EPA's website says almost every living organism has been exposed to dioxin but that by working with states and industry the agency has reduced known and measurable dioxin emissions in recent years. Those efforts have reduced air emissions of dioxin by 90 percent so now most Americans have only low levels of exposure, according to the agency's website.

The VVA source says dioxin exposures through Agent Orange continue to cause adverse health effects in the children and grandchildren of Vietnam War veterans. The CHEJ source says dioxin exposure poses risks for people near contaminated sites and that the chemicals are also present in fatty foods such as hamburger meat and dairy products because airborne dioxin blows to farmland and is consumed by cattle.

The push that VVA and CHEJ are planning comes a year and a half after EPA's pledge to finalize the cancer reassessment expeditiously, and grows out of dozens of meetings the VVA has held and will continue to hold to educate the group's 70,000 members around the country on the health effects of dioxin exposure.

During the meetings, the VVA is also collecting reports from veterans and their children and grandchildren on continued effects of dioxin they say are occurring as a result of exposure to Agent Orange decades ago. The group plans to use those accounts to push for legislation requiring additional research on dioxin's health effects, and as part of the call for EPA to finalize the cancer reassessment.

"We've been talking to various people on the Hill and these meetings are ongoing," the VVA source says, adding that meetings with VVA members have recently been held in Michigan, California, Louisiana and Pennsylvania.
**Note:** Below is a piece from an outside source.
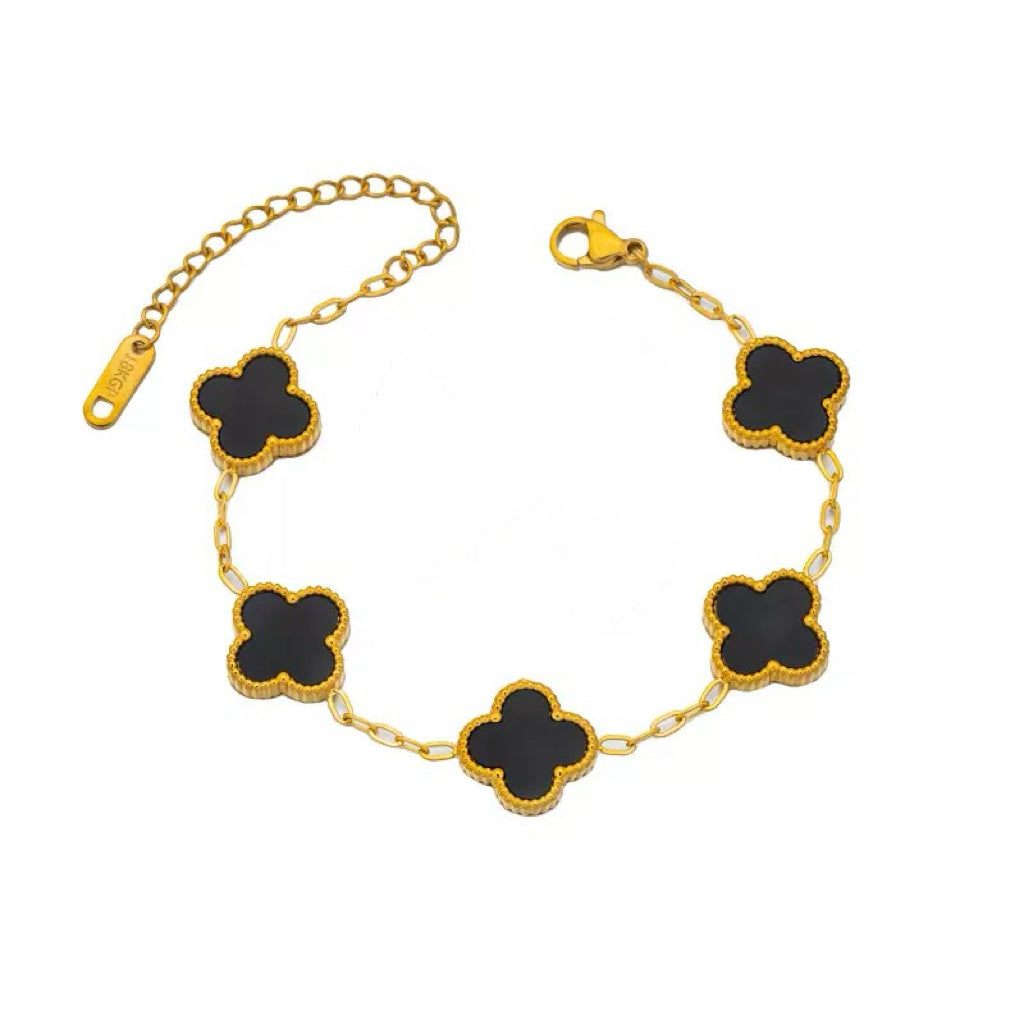 Gold and Black Clover Bracelets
The group plans to begin circulating the petition, now in draft form, in the coming weeks, at upcoming meetings and on its website.

The CHEJ source says finalizing the reassessment of dioxin's cancer risk could prompt federal and state regulators to strengthen cleanup goals for contaminated sites, though it is not certain that cleanup goals will change since the results of assessments are not legally enforceable, allowing cleanup decisions to be made on a case-by-case basis.

That cleanups are not required to follow the newest and best science is a key frustration for environmentalists, the source says.